Allerdings lässt sich hinter jedem vermeintlichen Erfolg Trumps ein riesengroßes „Aber“ setzen. Den Handelsstreit hatte er mit seinen irrsinnig hohen Zöllen selbst entfacht. Der Krieg in Gaza gegen die Hamas ging unmittelbar nach der Freilassung von Edan Alexander mit unverminderter Härte weiter.

Dass auf Trumps Nahost-Reise vor allem das Atomprogramm des Iran Thema war, verdankt er ebenfalls sich selbst. In seiner ersten Amtszeit hatte er das einst mühsam ausgehandelte Atomabkommen mit dem Iran aufgekündigt. Wie brüchig der Waffenstillstand mit den Huthis im Jemen ist, zeigte sich am Mittwoch, als in Israel erneut Raketenalarm ausgelöst werden musste.

Trumps politische Kehrtwende

Lodernde Feuer, allüberall. Und mittendrin ein US-Präsident, der im Wahlkampf und überhaupt „America first“ auf seine Fahnen und Basecaps geschrieben hatte. Das galt als Absage an globale Diplomatie und Interventionen, als neuer Isolationismus. Jetzt pendelt Trump zwischen seiner Rolle als Friedensstifter und Krisenentschärfer. Das ist eine in atemberaubender Geschwindigkeit vollzogene politische Kehrtwende.

Spürt Trump plötzlich eine Art globale Verantwortung? Werden die USA unter seiner Führung zu jenem Weltpolizisten, den viele Amerikaner – Linke wie Rechte – stets abgelehnt haben? Das wäre zumindest überraschend.

Malte Lehming

Mit seiner „America first“-Doktrin inszenierte sich Trump in seiner ersten Präsidentschaft als Isolationist par excellence. Er zog sich aus dem Pariser Klimaabkommen und diversen anderen internationalen Verträgen zurück, stieg aus dem Atomabkommen mit dem Iran aus, begann Handelskriege, brüskierte die Nato.

Und jetzt? Spürt Trump plötzlich eine Art globale Verantwortung? Werden die USA unter seiner Führung zu jenem Weltpolizisten, den viele Amerikaner – Linke wie Rechte – stets abgelehnt haben? Das wäre zumindest überraschend.

Ein 400 Millionen Dollar teurer Jumbo-Luxus-Jet

Mit Humanität hätte das freilich nichts zu tun.

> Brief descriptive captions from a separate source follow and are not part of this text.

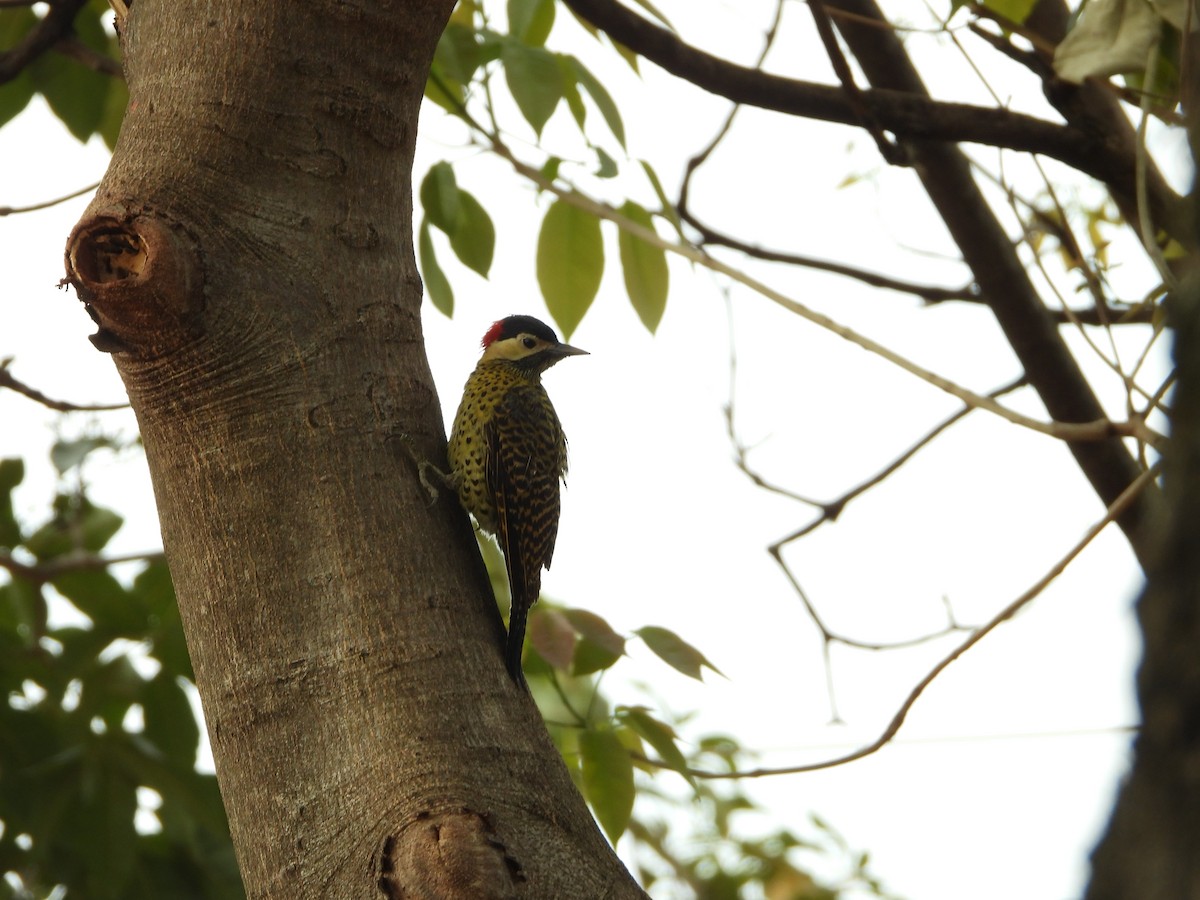 Ochre-collared Piculet - ML482221501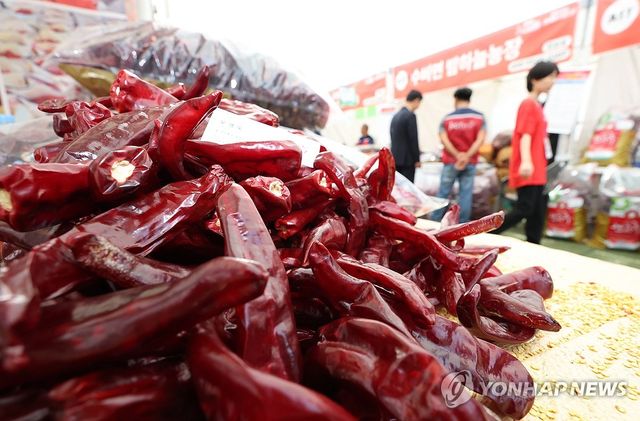 서울 영양고추 HOT 페스티벌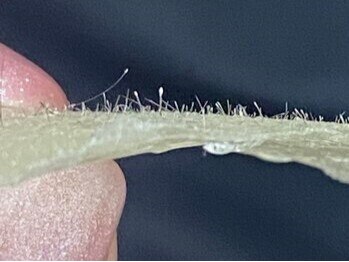 レイラ 四条烏丸(Rayla)/フェイシャルワックス/お顔WAX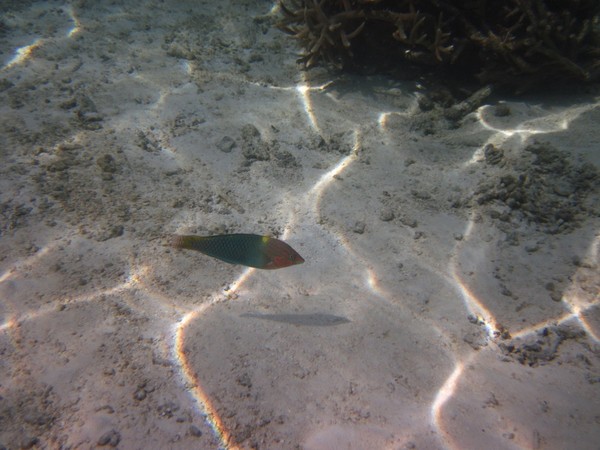 马尔代夫图片 马尔代夫图片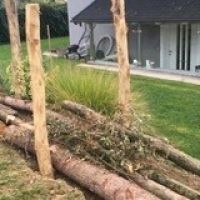 garten_elisabeth_3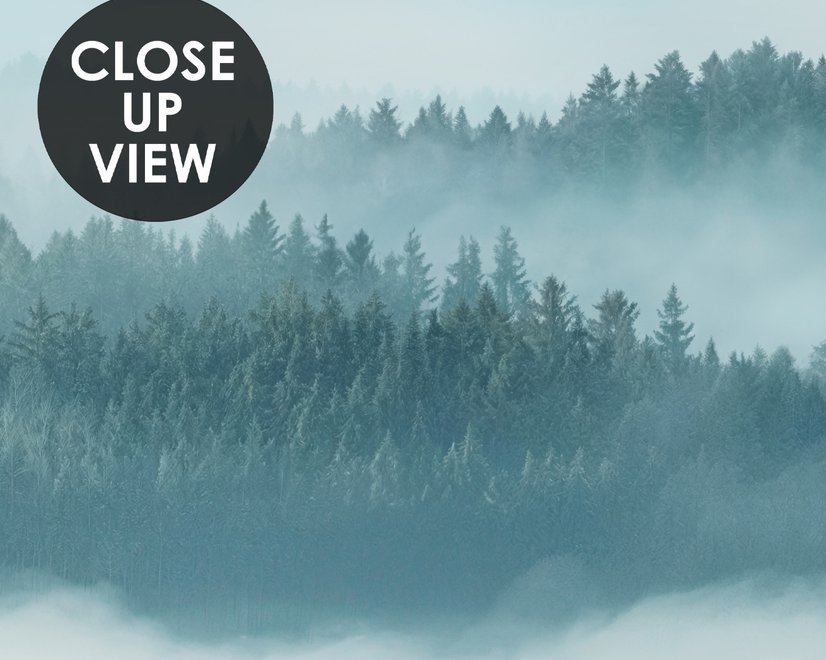 Misty Forest Landscape Wallpaper Mural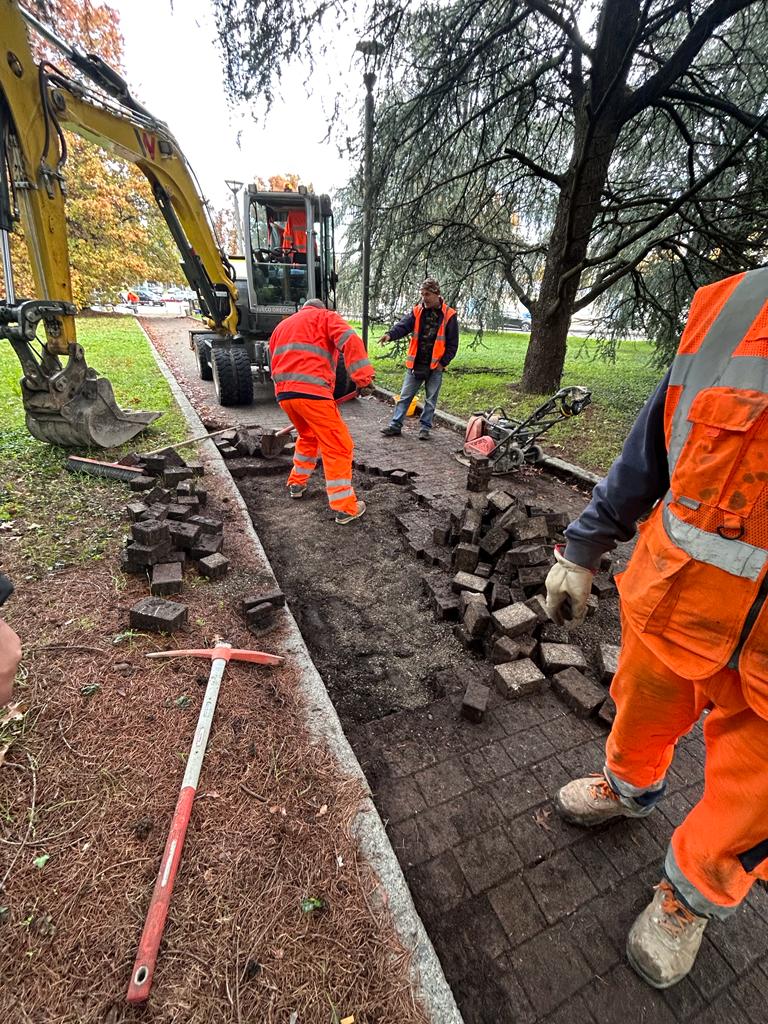 immagine di galleria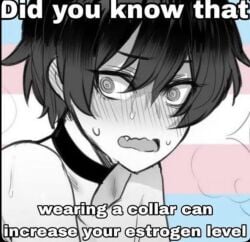 1boy 1femboy black_choker blush choker collar embarrassed estrogen estrogened_male femboy flag information learning open_mouth penetrating sweating sweaty_face text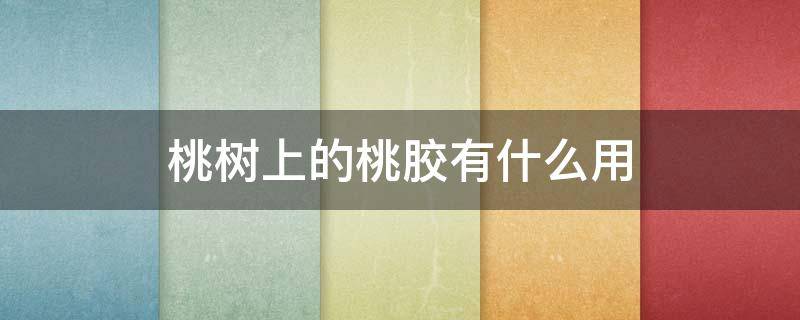 桃树上的桃胶有什么用 桃树上的桃胶有什么用途应该怎样吃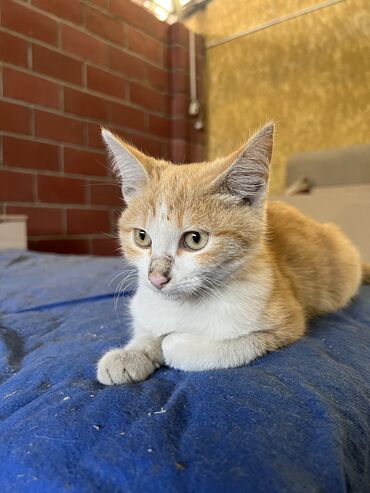 клетки для хомяков бишкек: Отдам даром котенка Рыжий котенок 4 месяца примерно Очень ласковый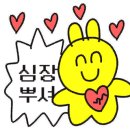 롯데미용실 이미지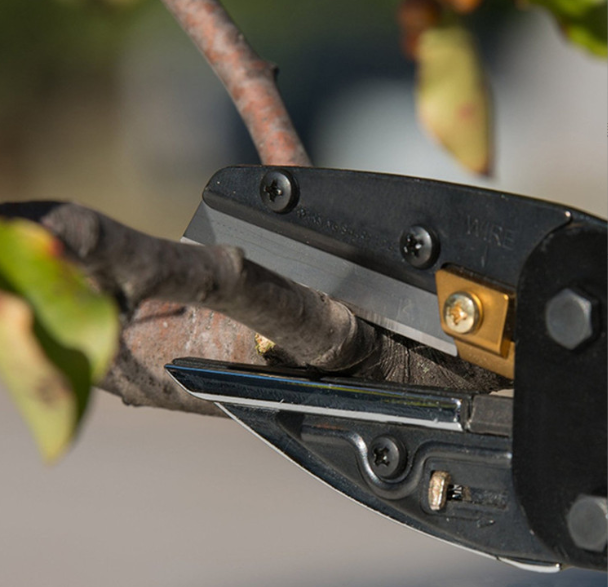 Multi-Cutter Tool – Garden, Hobby & Everyday Cutting Tool Multi-Cutter Tool – Garden, Hobby & Everyday Cutting Tool - Image 3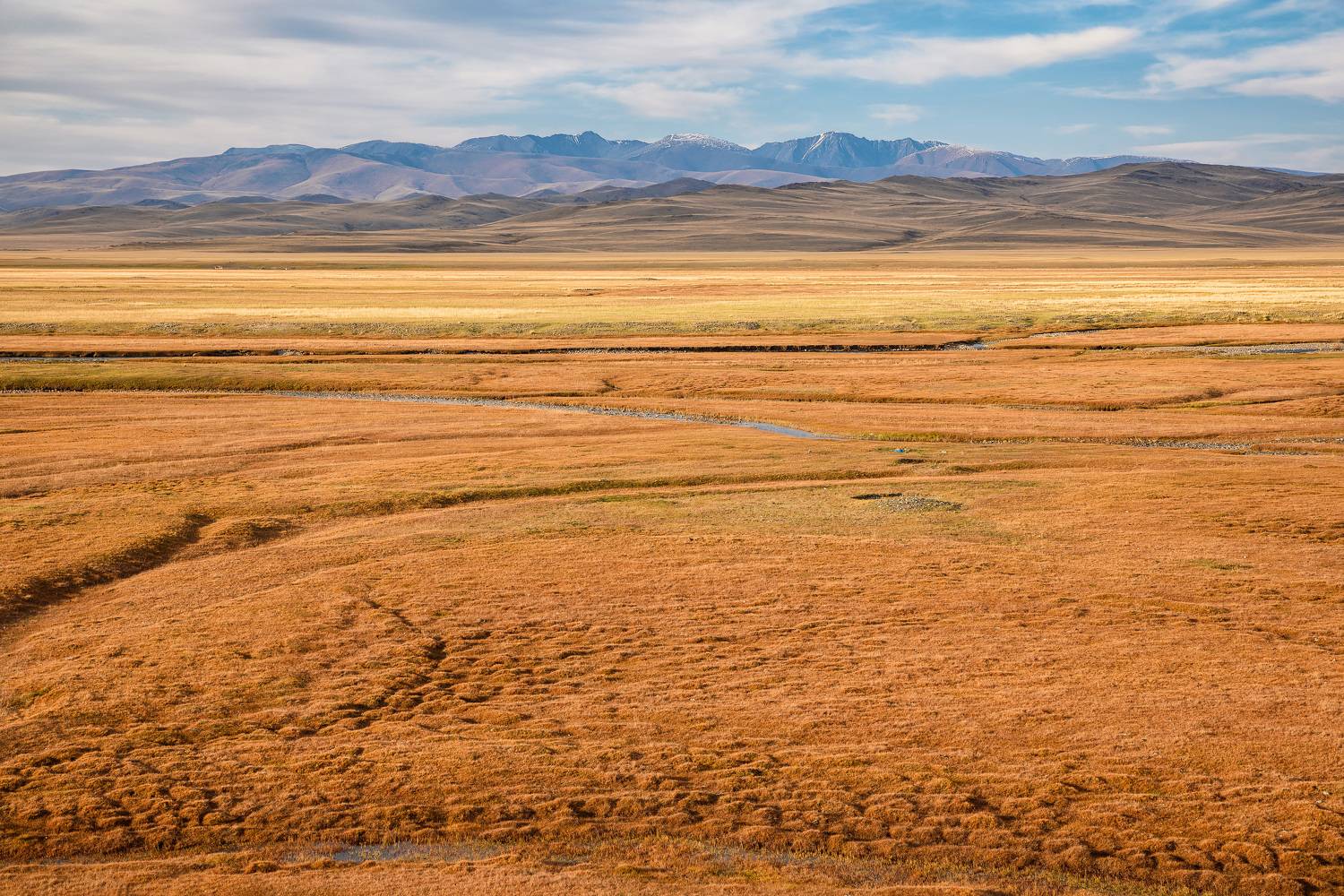 , Рагинская Ольга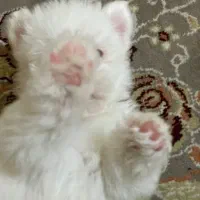 سگ فروشی|سگ|کاشان, راه آهن کاشان|دیوار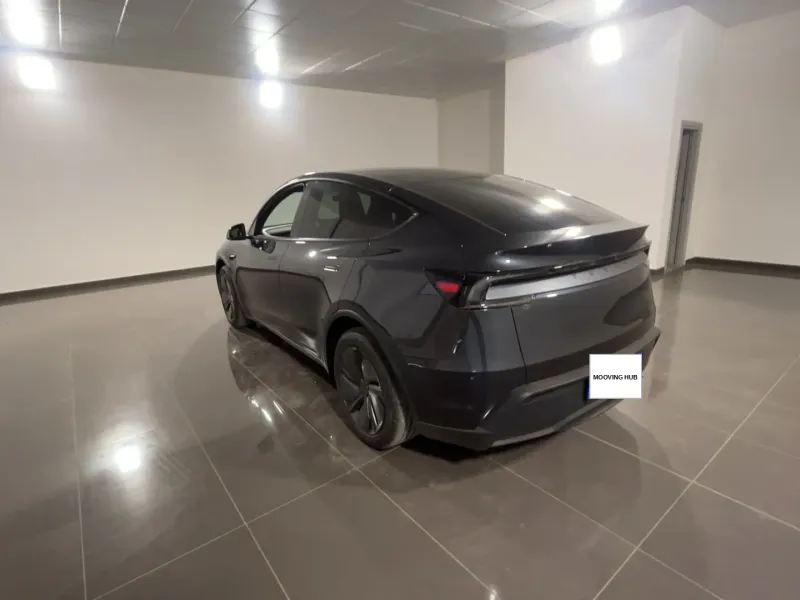 Model Y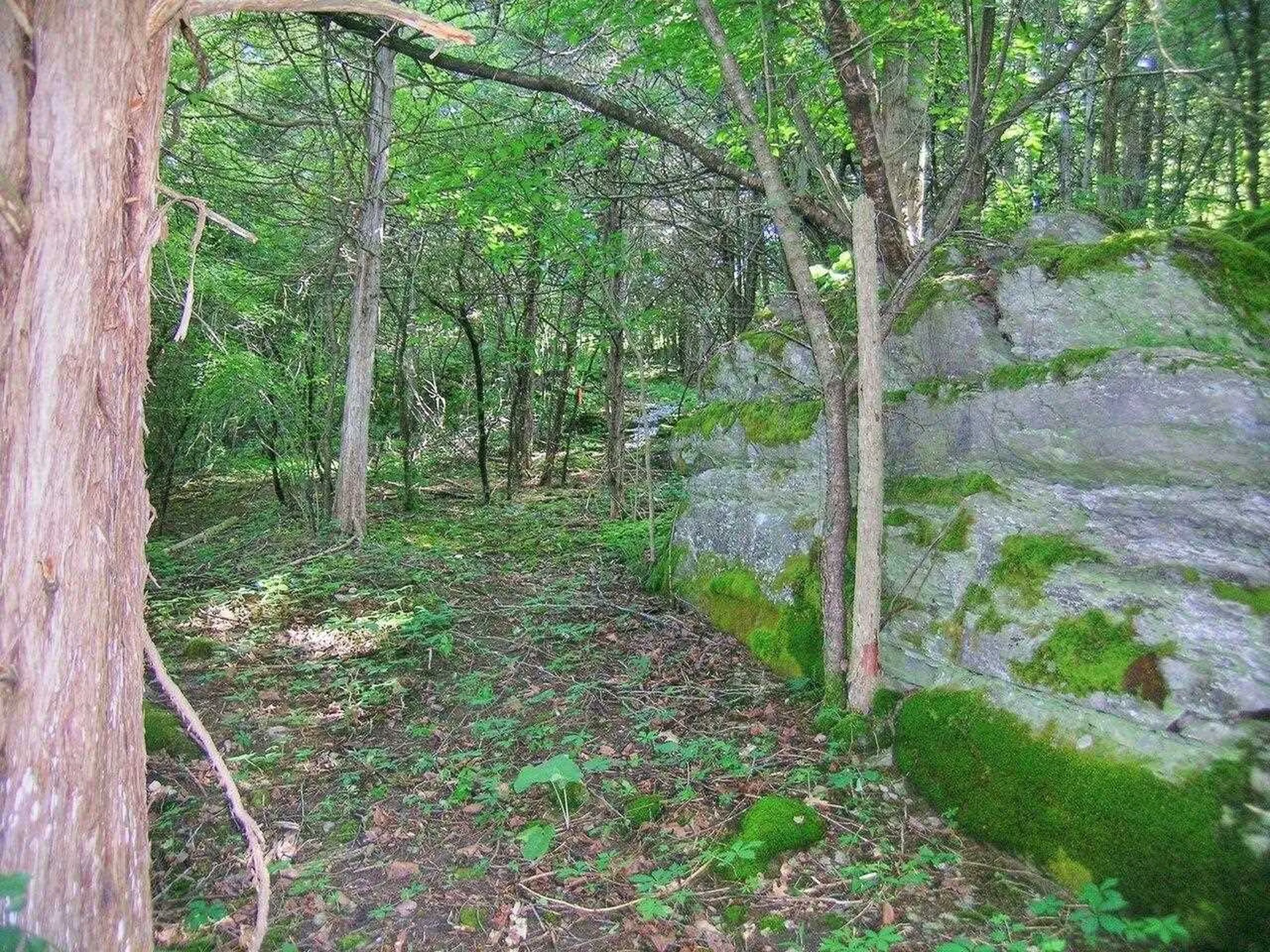 2996 Maple Street Vergennes VT 05491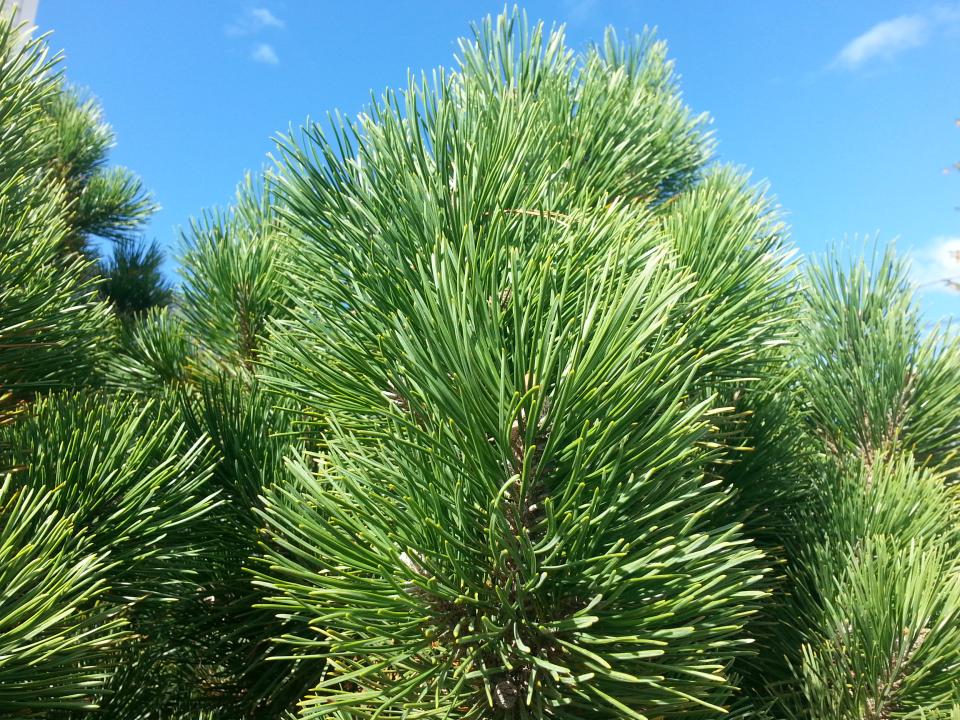 green, plants, sky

In Trumps erster Amtszeit, Anfang Oktober 2018, wurde der saudi-arabische Dissident und Kolumnist der „Washington Post“, Jamal Khashoggi, in Istanbul auf Befehl von Kronprinz Mohammed bin Salman brutal ermordet. Sein Leichnam wurde mit einer Säge zerstückelt.

Der Kronprinz ist bis heute ein enger Freund von Trumps Schwiegersohn Jared Kushner. „Ich glaube, wir mögen einander sehr“, sagte Trump bei seinem Besuch nun über sein Verhältnis zum Kronprinzen.

Das Emirat Katar wiederum unterstützt muslimische Terrororganisationen und beherbergt die Führung der Hamas. Ein Thema für Trump? Jedenfalls nicht vor laufenden Kameras. Für Schlagzeilen sorgte stattdessen ein Geschenk der katarischen Königsfamilie: ein 400 Millionen Dollar teurer Jumbo-Luxus-Jet.

Der Late-Night-Talker Jon Stewart kommentierte das in seiner „Daily Show“ so: Trump lässt sich einen 400-Millionen-Jet von jenen Leuten schenken, die er – wären sie Studenten an der Columbia University – aus den USA abschieben würde.

Seine erste Auslandsreise in seiner zweiten Amtszeit führte den US-Präsidenten nicht etwa nach Europa, sondern in die Krisenregion Nahost. Trump braucht die Unterstützung arabischer Staaten, wenn er Fortschritte erzielen will, um die Brandherde Iran und Gaza zu entschärfen.

Ob ihm das gelingt, ist offen. Zweifel sind angebracht. Aber dass er es versucht, spricht für ihn. „America first“ scheint nicht mehr im Zentrum von Trumps Politik zu stehen. Das lässt hoffen, jedenfalls ein bisschen.